Now the problem is, that when I test a piece of code against selectionStatement or statement it passes the test, but when I test it against program it fails to recognize. Can anyone help me on this? Thank you very much


edit: the code I use to test is the following:

if (x == 2) {}

It passes the test against selectionStatement and statement but fails at program. It appears that program only accepts if...else

if (x == 2) {} else {}

Edit 2: The error message I received was

<unknown>: Incorrect error: no viable alternative at input 'if(x==2){}'
1
Still cannot answer based on incomplete information. What is the complete statement rule? What is the complete error message (the error listener puts out a lot more valuable information)? What is the complete token stream dump? What are your own questions and conclusions based on your own analysis of this information?GRosenberg

1 Answers

2
votes

Cannot answer your question given the incomplete information provided: the statement rule is partial and the compoundStatement rule is missing.

Nonetheless, there are two techniques you should be using to answer this kind of question yourself (in addition to unit tests).

First, ensure that the lexer is working as expected. This answer shows how to dump the token stream directly.

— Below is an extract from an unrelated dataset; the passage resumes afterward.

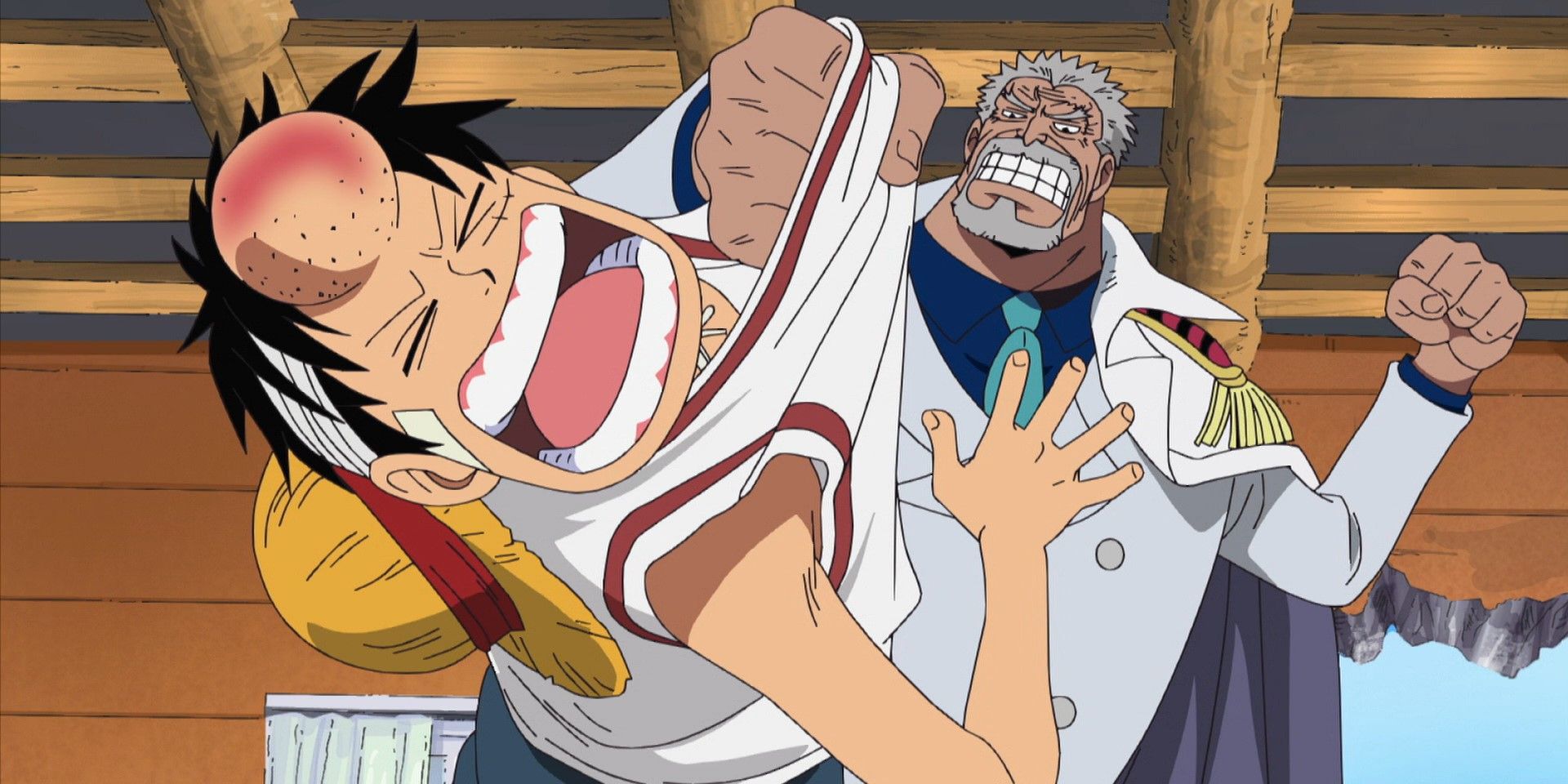 Garp atinge Luffy durante Water 7 in One Piece.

Second, use a custom ErrorListener to provide a meaningful/detailed description of its parse path to every encountered error. An example:

public class JavaErrorListener extends BaseErrorListener {

    public int lastError = -1;

    @Override
    public void syntaxError(Recognizer<?, ?> recognizer, Object offendingSymbol, int line, int charPositionInLine,
            String msg, RecognitionException e) {

        Parser parser = (Parser) recognizer;
        String name = parser.getSourceName();
        TokenStream tokens = parser.getInputStream();

        Token offSymbol = (Token) offendingSymbol;
        int thisError = offSymbol.getTokenIndex();
        if (offSymbol.getType() == -1 && thisError == tokens.size() - 1) {
            Log.debug(this, name + ": Incorrect error: " + msg);
            return;
        }
        String offSymName = JavaLexer.VOCABULARY.getSymbolicName(offSymbol.getType());

        List<String> stack = parser.getRuleInvocationStack();
        // Collections.reverse(stack);

        Log.error(this, name);
        Log.error(this, "Rule stack: " + stack);
        Log.error(this, "At line " + line + ":" + charPositionInLine + " at " + offSymName + ": " + msg);

        if (thisError > lastError + 10) {
            lastError = thisError - 10;
        }
        for (int idx = lastError + 1; idx <= thisError; idx++) {
            Token token = tokens.get(idx);
            if (token.getChannel() != Token.HIDDEN_CHANNEL) Log.error(this, token.toString());
        }
        lastError = thisError;
    }
}

Note: adjust the Log statements to whatever logging package you are using.

Finally, Antlr doesn't do 'weird' things - just things that you don't understand.